Consider the case where θ is a closed formula, meaning it contains no free variables. For example, let θ be the formula P(a), where 'a' is a constant symbol. Suppose Σ⊢P(a). Can we conclude Σ⊢(∃x)P(x)? In this specific scenario, if our language contains at least one constant symbol, then the inference holds because P(a) directly asserts the existence of an object satisfying P. However, if θ were a more complex closed formula where the existential quantifier's introduction isn't directly implied, the implication may falter.
Another important situation to consider is when the language L is empty, meaning it contains no constant symbols. In this case, even if Σ⊢θ, we cannot necessarily infer Σ⊢(∃x)θ. The existential quantifier asserts the existence of an object, but if our language lacks the means to refer to objects (through constant symbols), we cannot establish this existence. This is a more nuanced example that emphasizes the relationship between the language, the formulas, and the interpretations we can construct.
The Role of Proof Systems and Completeness
The validity of the implication Σ⊢θ implies Σ⊢(∃x)(θ) also depends on the specific proof system we are using. A proof system is a set of axioms and inference rules that define what constitutes a valid proof. Different proof systems may have different rules for handling quantifiers, and some systems might not have an explicit existential generalization rule.
In a sound and complete proof system for first-order logic, the implication Σ⊢θ implies Σ⊢(∃x)(θ) (when x is free in θ) will hold. Soundness means that every provable formula is also logically valid (true in all models), and completeness means that every logically valid formula is provable. Gödel's Completeness Theorem guarantees the existence of such proof systems for first-order logic.
However, it's important to note that even in a complete proof system, the existential generalization rule (or an equivalent rule) is necessary to bridge the gap between θ and (∃x)(θ). Without such a rule, we cannot simply assume that the existence of an object satisfying θ follows from the provability of θ itself.

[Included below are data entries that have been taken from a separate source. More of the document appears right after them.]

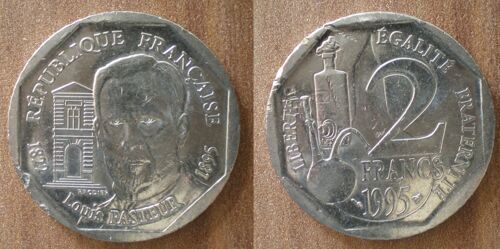 France 2 Francs 1995 Piece Franc Louis Pasteur Piece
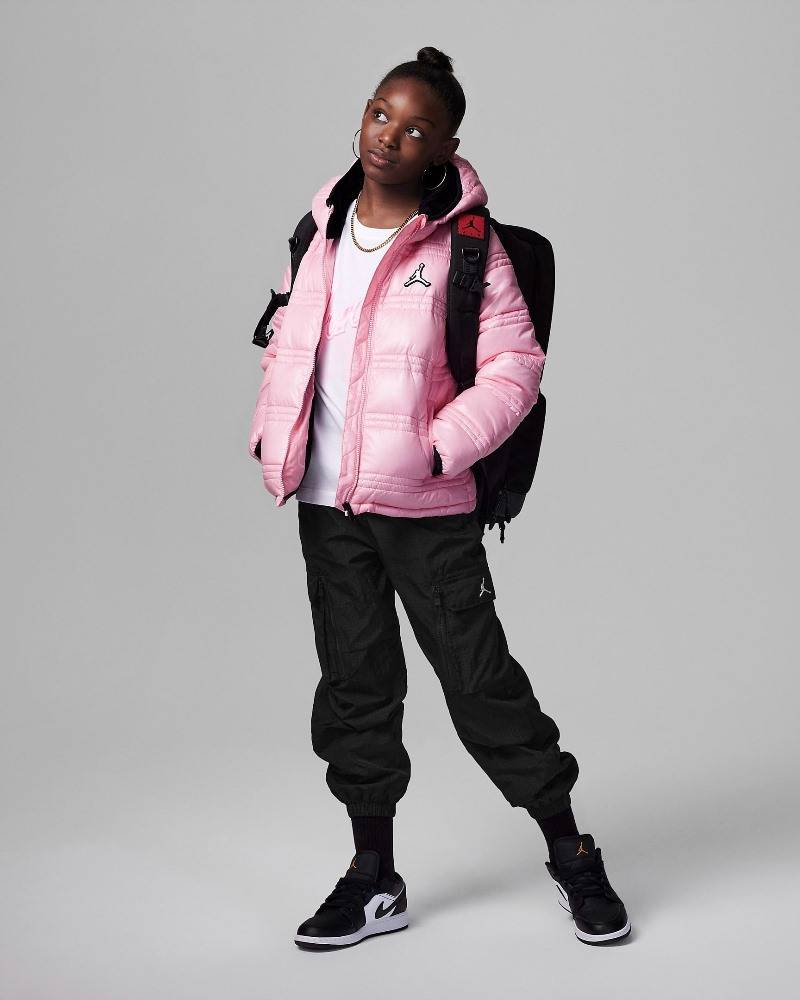 NIKE JORDAN GIRLS MIDWEIGHT PUFFER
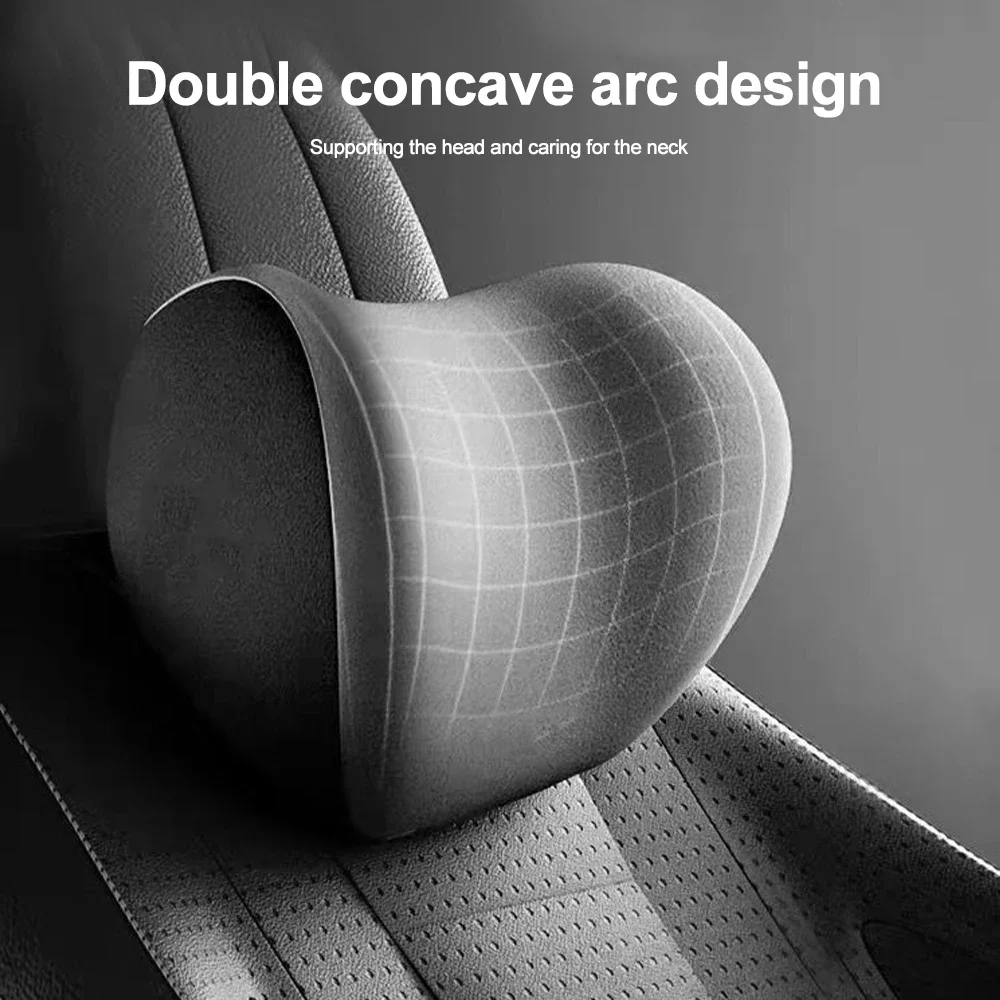 Car Neck Headrest Pillow Accessories Cushion Auto Seat Head Support Neck Protector Automobiles Seat Rest Memory Cotton car pillow car headrest memory foam pillow car neck pillow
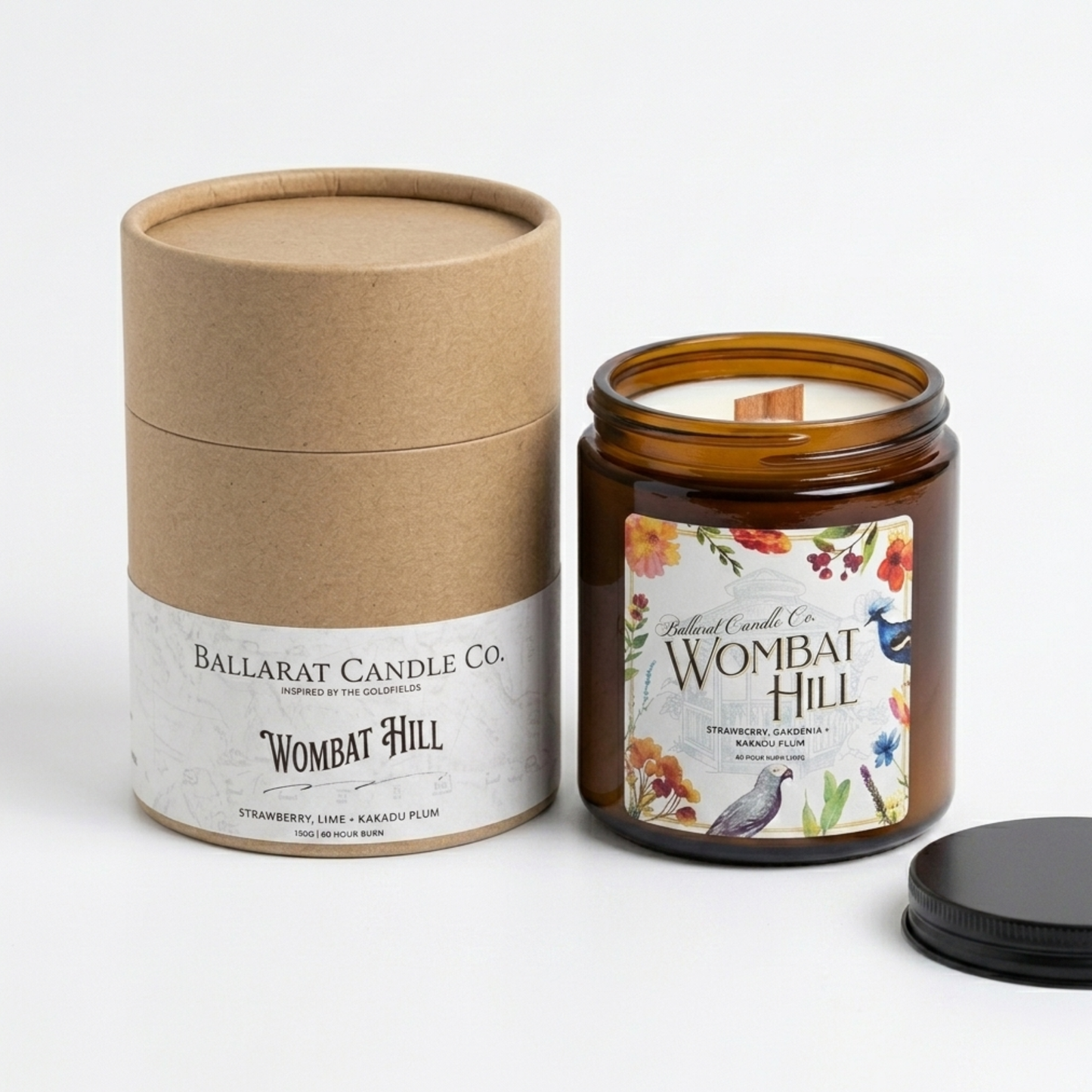 Wombat Hill Daylesford Large Candle Jar + Gift Box, 380g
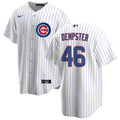 NIKE Men Ryan Dempster Chicago Cubs White Home Premium Stitch Replica Jersey product image 1, provided for visual reference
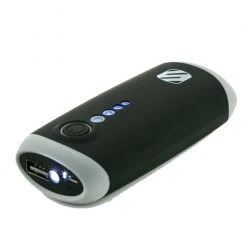 Best Sale ???? Scosche PB4400 GoBat 2-in-1 Portable Battery Pack With Flashlight Black ✔️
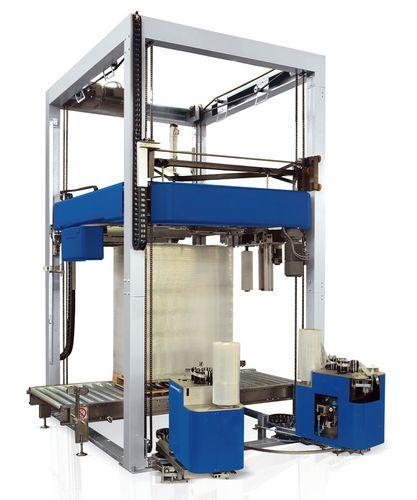 rotary ring stretch wrapper / automatic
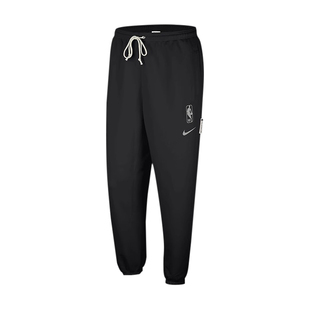 nike耐克男子24冬季新款湖人队针织篮球长裤黑色卫裤FQ3465-010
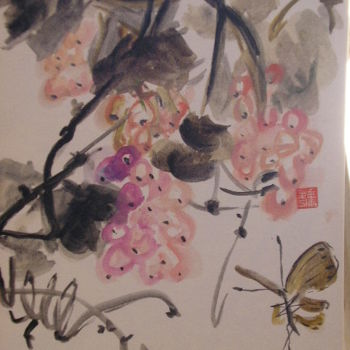 Pintura titulada "Arbre à Papillon" por Marcoh, Obra de arte original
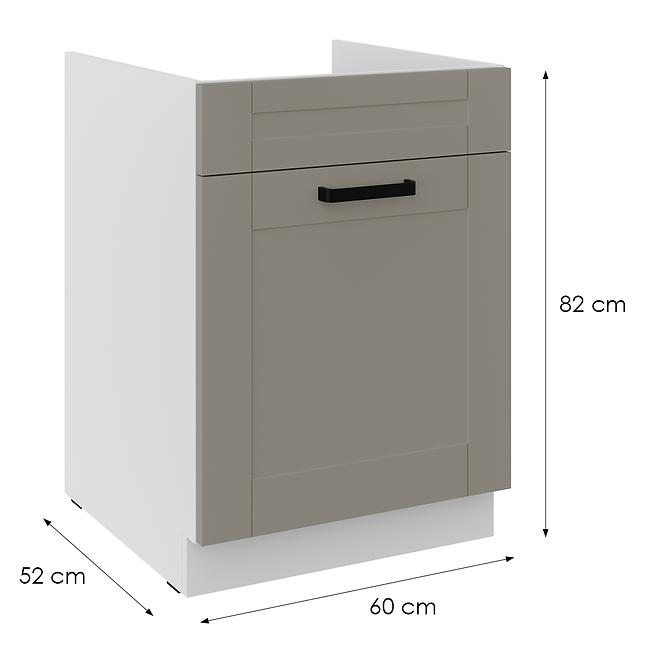 Küchenzeile Luna Claygrey/Weiß 60ZL 1S BB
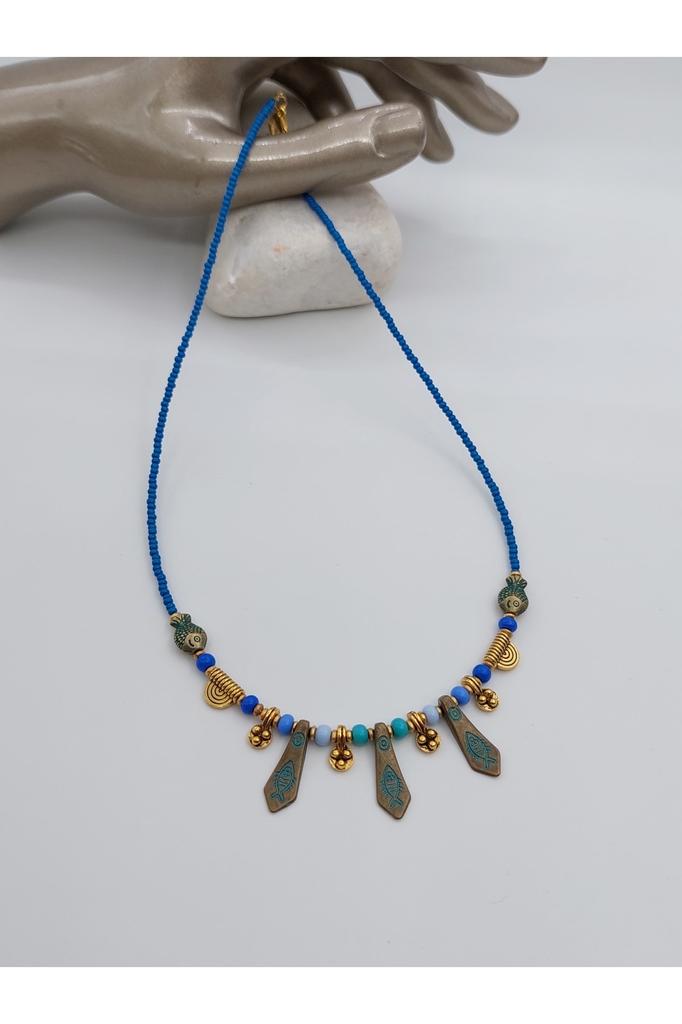 Подарок на день рождения, этническое подлинное хиппи, богемное модное ювелирное ожерелье ручной работы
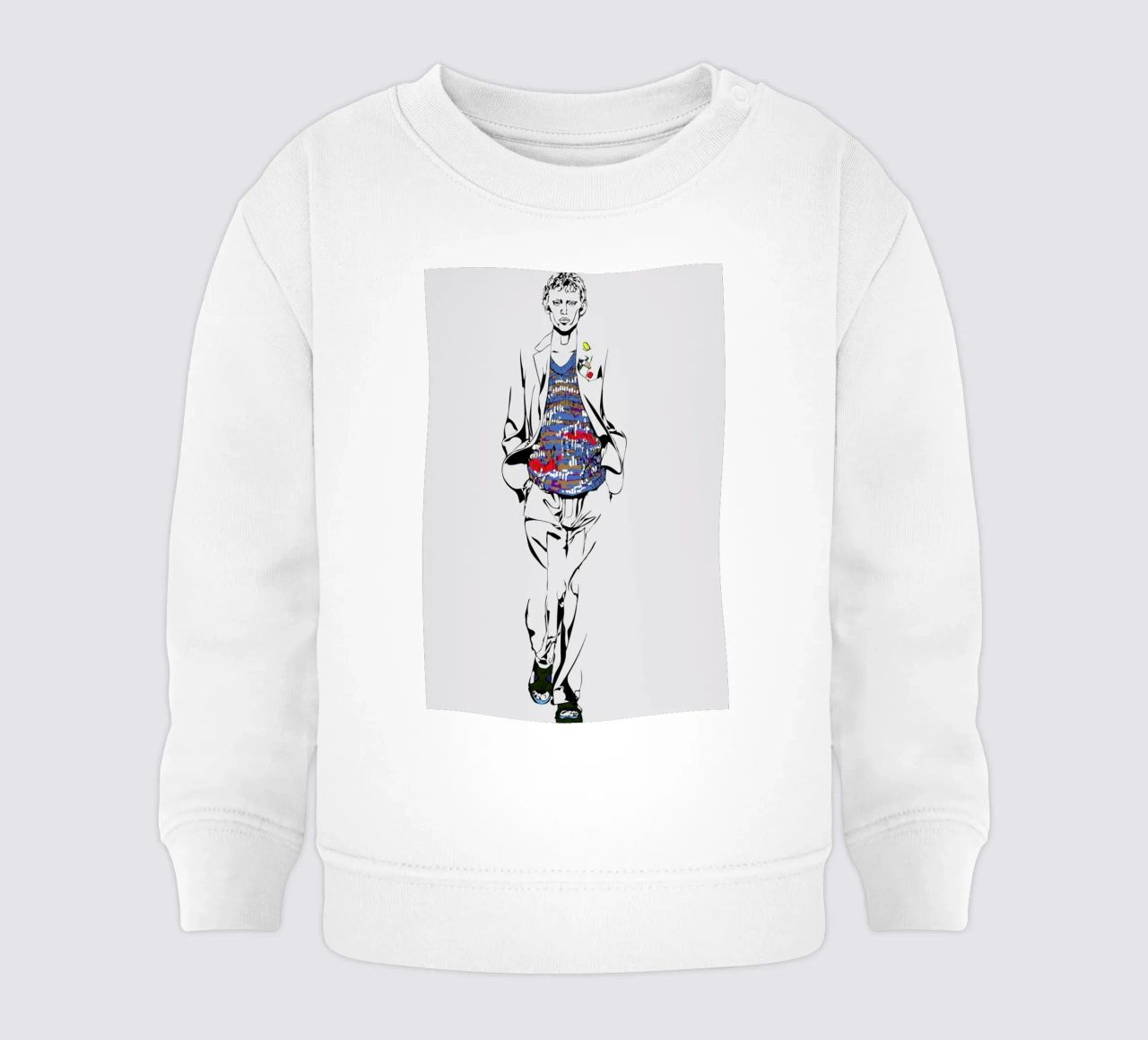 Man 1 sudadera de bebé de Marcell Naubert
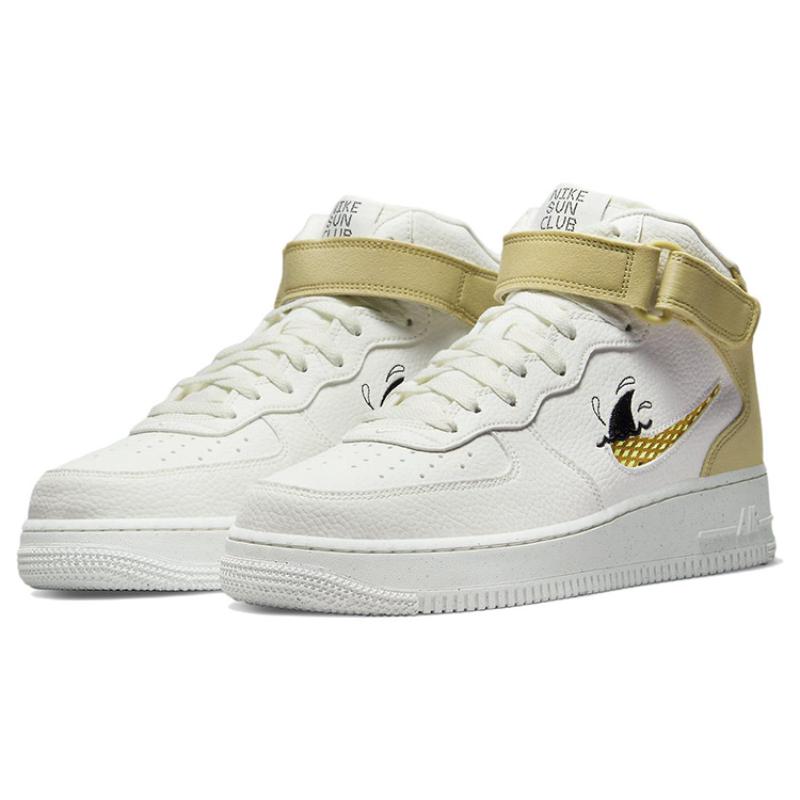 Nike Air Force 1 Mid '07 LV8 Next Nature 'Sun Club White Shark's Fin' Sneaker DM0119-100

Completeness and Semantic Implications
The completeness theorem ties the syntactic notion of provability (⊢) to the semantic notion of logical consequence (⊨). Σ⊢θ means θ is provable from Σ, while Σ⊨θ means θ is true in all models that satisfy Σ. Completeness tells us that if Σ⊨θ, then Σ⊢θ. This connection is crucial for understanding why the existential generalization rule is valid.
If Σ⊢θ, then by soundness, Σ⊨θ. If x is free in θ, and θ is true in all models of Σ, then it must be the case that there exists an object in each of those models that satisfies θ. This semantic argument provides further justification for the existential generalization rule, as it demonstrates that the inference from θ to (∃x)(θ) preserves truth in all models.
Practical Implications and Examples
To solidify our understanding, let's consider some practical implications and examples.
Suppose we are working in a first-order logic formalizing arithmetic. Let θ be the formula x + 0 = x, where x is a free variable. This formula states that adding 0 to any number x results in x itself. If we can prove θ from a set of axioms for arithmetic (Σ), then we can use existential generalization to infer (∃x)(x + 0 = x). This means we can prove that there exists at least one number x such that x + 0 = x, which is a fundamental property of arithmetic.
However, if we were to consider a formula like (∀y)(y = y), which is a tautology (always true), we cannot directly apply existential generalization to introduce another quantifier. The formula already asserts a universal property, and adding an existential quantifier might lead to confusion or misinterpretations.